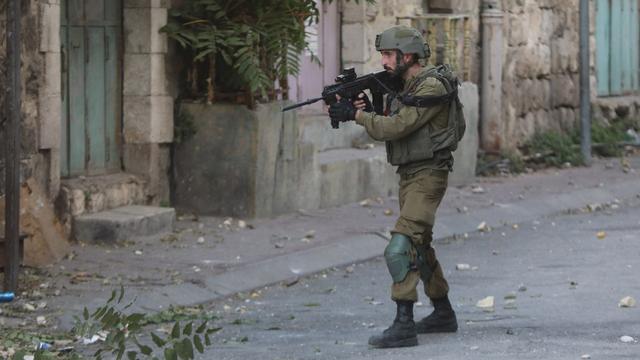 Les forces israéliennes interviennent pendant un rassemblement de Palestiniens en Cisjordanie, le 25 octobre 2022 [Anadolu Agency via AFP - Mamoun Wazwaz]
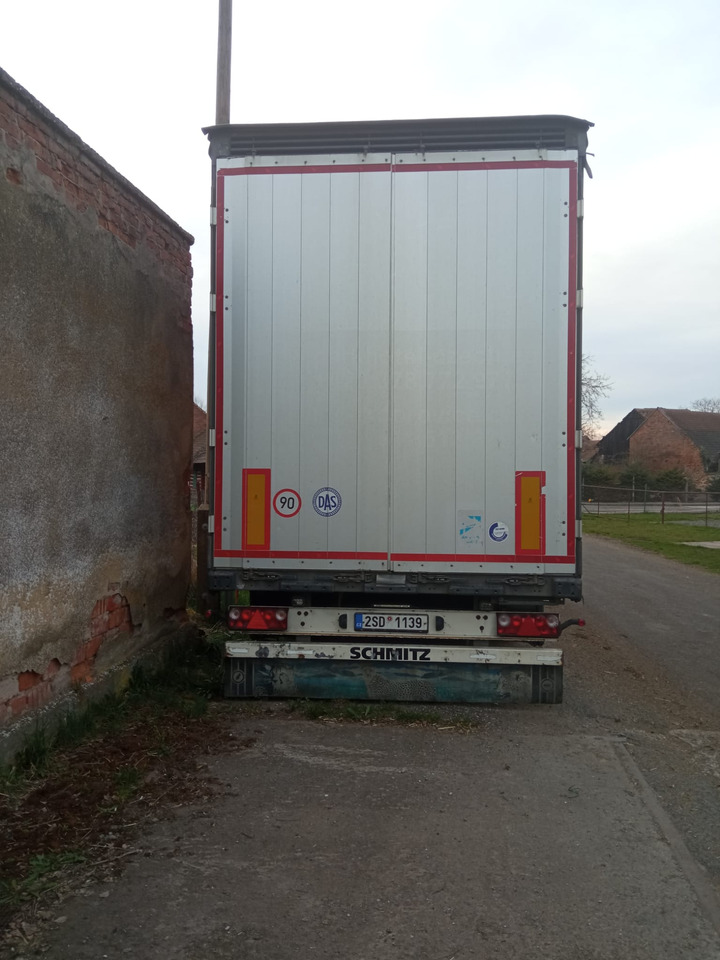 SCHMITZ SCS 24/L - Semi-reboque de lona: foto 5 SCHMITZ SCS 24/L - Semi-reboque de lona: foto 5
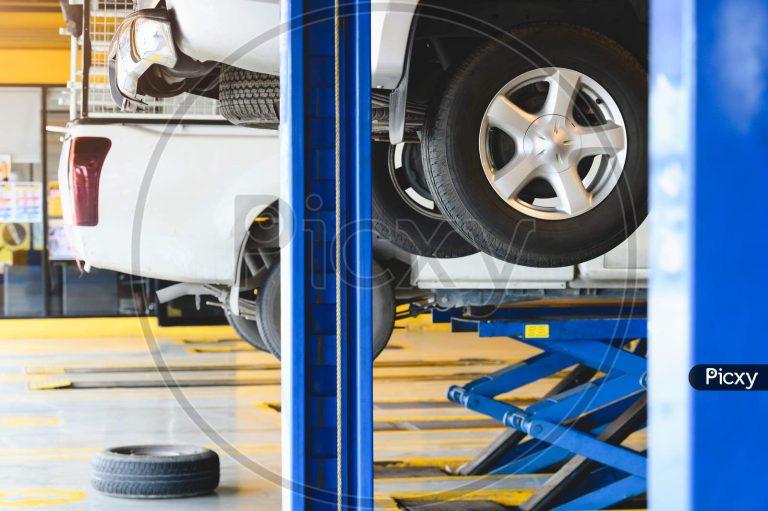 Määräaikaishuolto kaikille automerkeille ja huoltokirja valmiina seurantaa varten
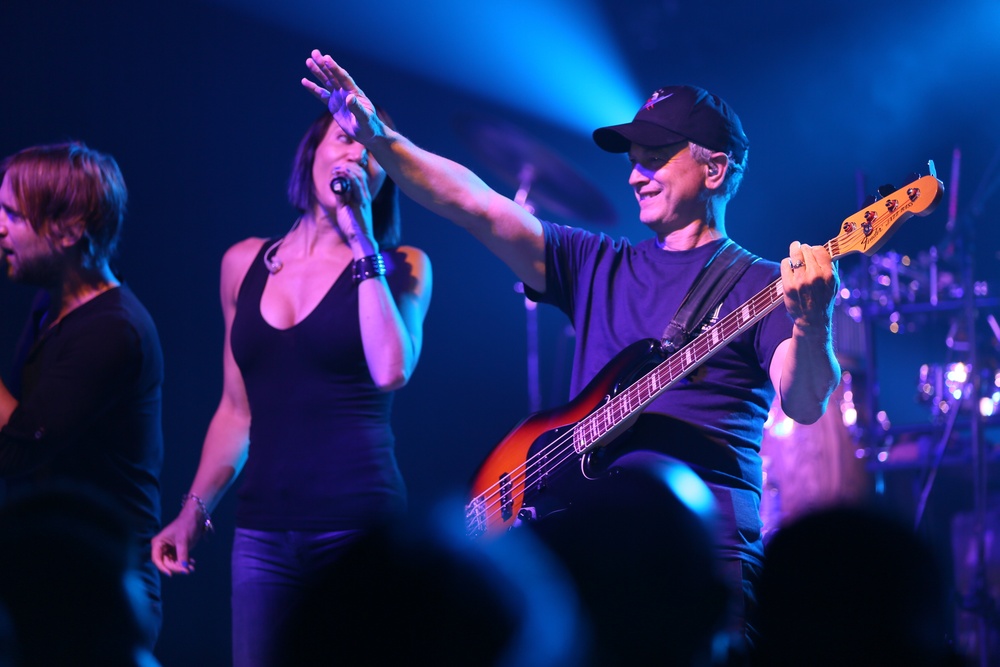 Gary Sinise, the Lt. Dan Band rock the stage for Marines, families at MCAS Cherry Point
----
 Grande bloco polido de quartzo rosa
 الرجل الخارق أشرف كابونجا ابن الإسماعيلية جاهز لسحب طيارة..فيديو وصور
----
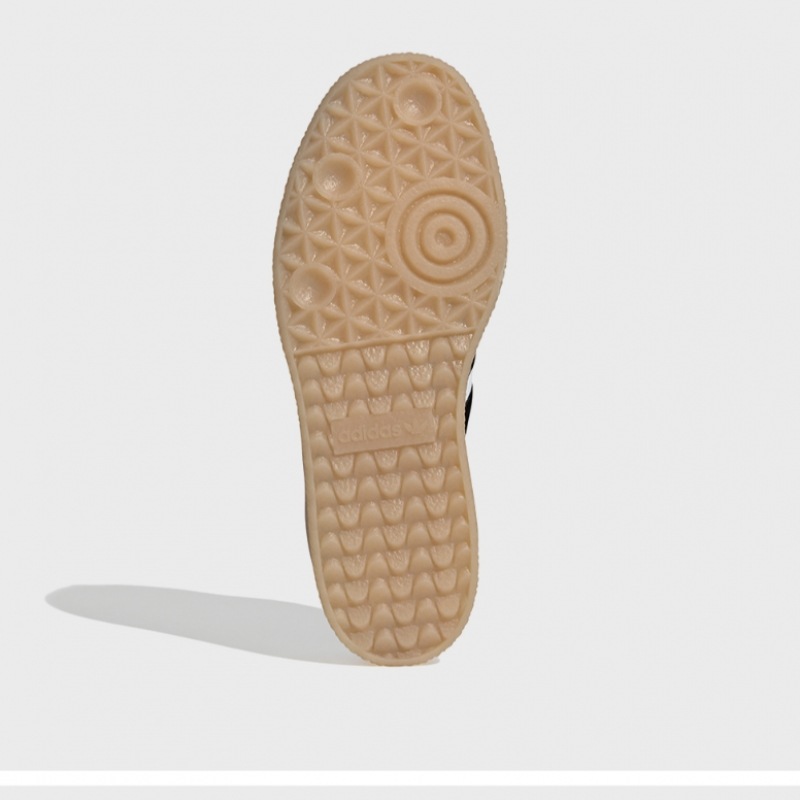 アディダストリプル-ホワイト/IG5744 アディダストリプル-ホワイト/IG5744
----
* [EXERCISE AIM]:
In the listing above, find the line containing "Les forces israéliennes". Output it and every line after it up to and including the line containing "Gary Sinise, the", exactly, but skip the pictures.

* [TASK ANSWER]:
 Les forces israéliennes interviennent pendant un rassemblement de Palestiniens en Cisjordanie, le 25 octobre 2022 [Anadolu Agency via AFP - Mamoun Wazwaz]
 SCHMITZ SCS 24/L - Semi-reboque de lona: foto 5 SCHMITZ SCS 24/L - Semi-reboque de lona: foto 5
 Määräaikaishuolto kaikille automerkeille ja huoltokirja valmiina seurantaa varten
 Gary Sinise, the Lt. Dan Band rock the stage for Marines, families at MCAS Cherry Point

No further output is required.